Jejak Sejarah yang Berlumur Sengketa
Candi Preah Vihear secara geografis berada tepat di tepi perbatasan dua negara. Ketika Kekaisaran Khmer runtuh, wilayah itu perlahan-lahan masuk dalam pengaruh Siam (kini Thailand). Namun, pada masa kolonial Prancis menguasai Kamboja, muncul peta buatan Prancis pada tahun 1907 yang menempatkan candi itu dalam wilayah Kamboja.
Thailand sempat menguasai kembali Preah Vihear pada era 1940-an. Namun pada 1962, Mahkamah Internasional (ICJ) di Den Haag memutuskan bahwa Candi Preah Vihear secara sah milik Kamboja. Thailand menerima keputusan tersebut, tapi tidak pernah sepenuhnya rela.
Kuncinya adalah ini: ICJ hanya memutuskan soal candi, bukan soal tanah di sekitarnya. Dan di situlah benih konflik berkembang.
Simbol Nasionalisme yang Membara
Bagi Kamboja, Preah Vihear adalah simbol kebanggaan nasional. Pemerintah Phnom Penh mempromosikannya sebagai lambang kejayaan Khmer kuno. Pada 2008, Kamboja berhasil memasukkan candi ini ke dalam daftar Warisan Dunia UNESCO. Inilah titik api baru. Thailand memandang langkah itu sebagai pengabaian terhadap zona sengketa di sekitarnya.

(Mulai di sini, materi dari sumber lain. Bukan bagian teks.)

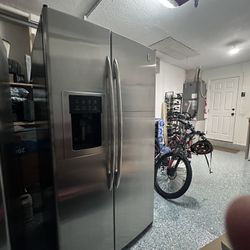 GE Refrigerator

Demonstrasi pecah di Bangkok. Media-media nasionalis menggambarkan seolah pemerintah Thailand menyerahkan warisan leluhur begitu saja. Retorika politik berubah menjadi agresi militer.
Di sisi lain, Kamboja memperkuat posisi tentaranya di sekitar candi. Mereka membangun jalan akses dari wilayahnya, mendirikan pos penjagaan, dan mengibarkan bendera nasional. Thailand membalas dengan pengerahan pasukan ke perbatasan. Insiden tembakan pun pecah—dan jatuh korban jiwa.
Titik Panas yang Tak Pernah Dingin
Konflik meletup pada tahun 2011, ketika artileri kedua negara saling membombardir wilayah perbatasan. Puluhan tentara tewas dan ribuan warga sipil mengungsi. Candi itu pun mengalami kerusakan akibat gempuran senjata berat. Dunia internasional bersuara, menyerukan perdamaian, namun ketegangan tak kunjung padam.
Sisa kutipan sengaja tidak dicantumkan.